I have rechecked: I changed the XML node <database> to <database-error>. Then I started the test and got:

!ENTRY com.btc.ep.base.dal 4 0 2018-05-23 22:49:57.892 !MESSAGE [com.btc.ep.base.dal.internal.repositories.OdbPersistenceManagerImpl(207)] The activateService method has thrown an exception !STACK 0 java.lang.NoClassDefFoundError: Could not initialize class com.objectdb.o.RCL at com.objectdb.o.UNM$f.(UNM.java:167) at com.objectdb.o.UNM.r(UNM.java:107) at com.objectdb.o.UNM.q(UNM.java:77) at com.objectdb.jpa.Provider.createEntityManagerFactory(Provider.java:58) at com.btc.ep.objectdb.services.ObjectDBProviderFactory.createEntityManagerFactory(ObjectDBProviderFactory.java:25) at com.btc.ep.base.dal.internal.repositories.OdbPersistenceManagerImpl.createEntityManagerFactoryIfNotExistent(OdbPersistenceManagerImpl.java:709) at com.btc.ep.base.dal.internal.repositories.OdbPersistenceManagerImpl._optimizeNewProfilePerformance(OdbPersistenceManagerImpl.java:177) at com.btc.ep.base.dal.internal.repositories.OdbPersistenceManagerImpl.activateService(OdbPersistenceManagerImpl.java:168)
...

 

#22

We have created an account for you on our ftp server.

Server: ********
User: objectdb
PW: ********

I will upload the heap dump soon - with triggered GC.

Kind regards, Rainer

#23

Heap dump is online. As described before:

- using a configuration with the attached configuration (double checked)
- one open transaction
- reading out the first million values
- GC invocation
- heap dump

Kind regards, Rainer

 

 

#24

Thank you for the heap dump.

For every managed object ObjectDB has to maintain additional information in an ENT instance. Every ENT instance contains a weak reference to an actual entity object. When the actual entity object becomes unreachable the weak reference is nullified and the ENT object becomes invalid. However, it is still strongly referenced by ObjectDB and not released immediately as shown in this heap dump. ObjectDB releases obsolete ENT objects when new ENT objects are created. Releasing ENT objects lazily is more efficient in most cases, but following you report we should reconsider it.

However, the more important question is probably why ENT objects are not released during the reading (rather than when reading is completed), as this is the way it usually works with lazy clearing of ENT objects: When new ENT instances are created they replace the old obsolete instances.

One possible cause is holding strong references to all the old entity objects that have been read so far (up to 1,000,000) but is it correct that you only keep strong references to a small number of entity objects during reading?
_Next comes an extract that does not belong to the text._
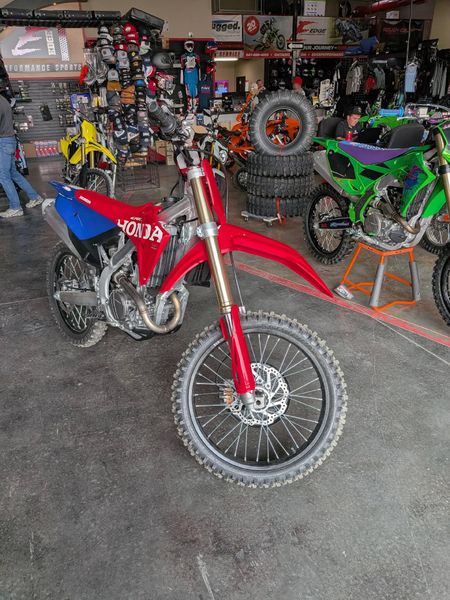 New 2027 Honda CRF250R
Another possible cause is that during reading entity objects are not released, even so they are not strongly reachable, simply because the garbage collection never releases them or not run at all. This seems to be uncommon for retrieval of 1,000,000 objects but maybe could happen with some heap size and GC setting. Can you check if GC is run during the retrieval? If you add an explicit invocation of GC in the retrieval loop, does it help?

 

ObjectDB Support
#25

Getting back now after looking at the heap dump to your code in #6 above:

MyStepBlockCollection sbc = entityManager.find(id);
for (MyStepBlock sb : sbc.stepBlocks) {
    for (MyStep s : sb.steps) {
        MyValue v : s.values.get(0);
    }
}

Does a single MyStepBlockCollection contain up to 1,000,000 values?

In that case at the end of the loop there is a point in which your application has strong references to 1,000,000 entity objects, so releasing ENT objects by ObjectDB up to that point is impossible anyway.
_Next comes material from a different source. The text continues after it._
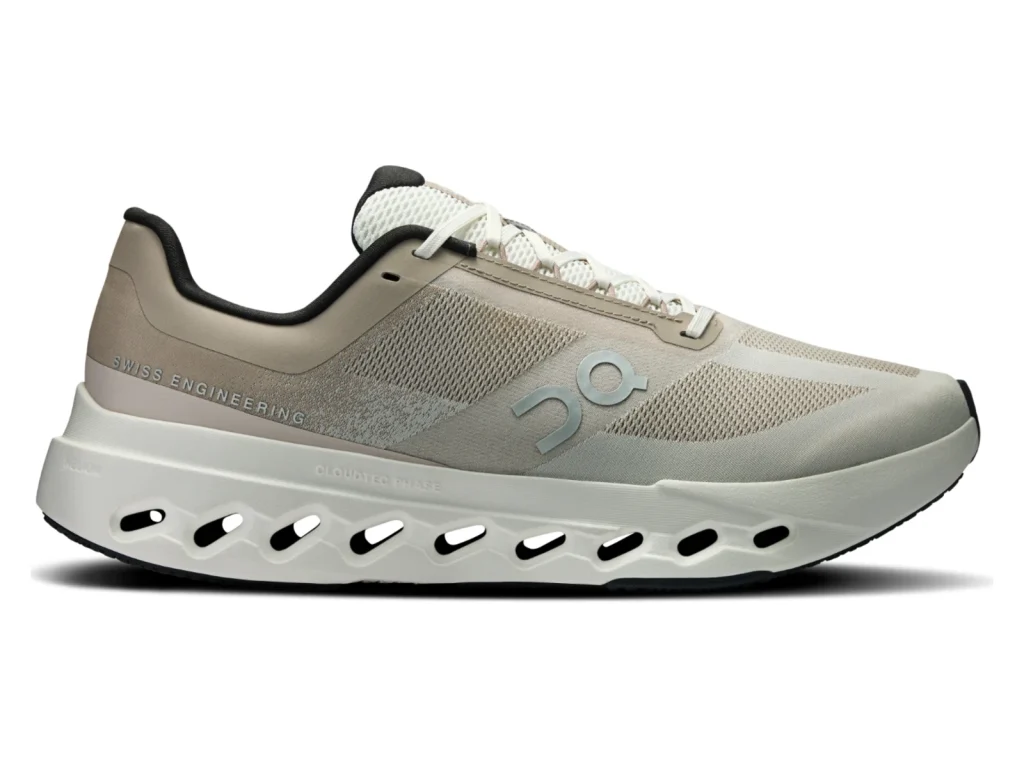 On Cloudsurfer Next - Fog Ivory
You should probably avoid holding the entire tree of objects in memory and we can discuss various ways to iterate these values in a more memory friendly way.

ObjectDB Support
#26

Hello, thank you for your answer. Yes the MyStepBlockCollection would contain all entities in the DB if the lists all hold references to the entities. The algorithm just holds the root element at the end. All other objects have been visited during iterating the for loops but are no longer referenced directly outside the root entity.

I just wonder why the GC can collect all entities. Or I cannot find them.

I would like to start the discussion for an alternative iteration. What do you propose?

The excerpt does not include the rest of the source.